As this obviously contradicts the efforts towards miniaturization, the only solution was to dramatically decrease the power consumption of nodes.
Power consumption can be lowered by hardware and/or software solutions. In my research I focused only on energy efficient software architectures that implement environ- mental sampling. The goal is to develop an adaptive and distributed sleep scheduling strategy that would enable nodes to enter sleep mode while still maintaining the overall sensing capabilities of the network. The adaptive sampling architecture that I propose addresses the problem of energy efficient sensing by adaptively coordinating the sleep schedules of nodes.
In a dynamic, event-driven WSN (e.g., a system to support road traffic management) information dissemination is a complex task, and the disseminated data can turn obsolete before it reaches its target. In addition, the correlation between nodes can change constantly.
It could frequently happen that we have no external information that could help us to extrapolate samples. The causes could be numerous. For instance, the measurements might be nearly independent or just beyond the recognition ability of the detection technique. The system could also be in a transient state, so that we have no time to map the environment’s correlation structure. Or, for some reason (interference, or a mobile node wondering away from the group) the node might not be able to communicate with its neighbors.
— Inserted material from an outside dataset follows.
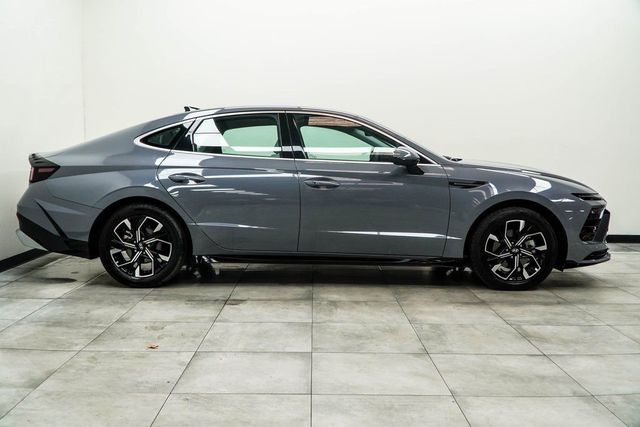 2025 Hyundai Sonata SEL FWD - 22998071 - 9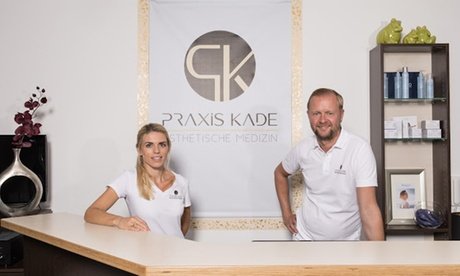 Wertgutschein über 188 € anrechenbar auf 2 Luxus Gesichtsbehandlungen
Since power consumption is essential, for transients, where other methods fail, local extrapolation might be considered, especially since this does not suffer from any com- munication overhead. The architecture I propose (called Independent Sleep Scheduling Architecture) handles such (usually transient) situations as a last line of defense. Therefore, it should not be used alone, but paired with more cooperative methods, such as those that
are outlined in the later chapters of this dissertation. For future reference please note that the local extrapolation, abbreviated ’’LE’’, is the function of the proposed independent sleep scheduling architecture. I will use this abbreviation consistently throughout this dissertation.
The overall flow of the LE method is as follows. Numerous studies showed that the radio modules of a sensor node are consuming significant energy even if they are in idle mode . Thus, the most efficient way to save energy is to enter sleep mode. The LE algorithm operates as follows. When the node is powered up, it has no information about the measured phenomena (the samples); thus, it will forecast some default value. Then, the sensor takes a sample, stores it, and sends a copy towards the sink. After the data is sent, the adaptation or learning process computes the forecast error and based on the current gradient (described later) an adaptation step is made. After the adaptation is done, the stored sample is deleted, but the last n prediction errors are stored.
After these steps it re-computes the mean square error (MSE) from the latest n prediction errors. If this MSE is below a user specified threshold, the method forecasts some samples ahead and sends them to the sink. The number of forecasted samples is a function of the latest MSE. After the samples are sent, the node starts a wake-up timer and goes to sleep mode. When the timer expires, the node wakes up and starts the procedure again.
If the environment is highly not stationery we “age” the MSE after the node wakes up or before the sleep procedure shuts down the sensor. This means that the value of the MSE (i.e., the prediction error) is artificially increased by a value proportional to the length of the sleep phase. In short, prior to a new sleep cycle, in case of highly not stationary environment, we have to be sure that the statistical properties of the measured phenomena are still the same, and the samples are still predictable. If we increase the MSE, the system is forced to switch back to learning state, until it can push the MSE back to a low level. Is it necessary?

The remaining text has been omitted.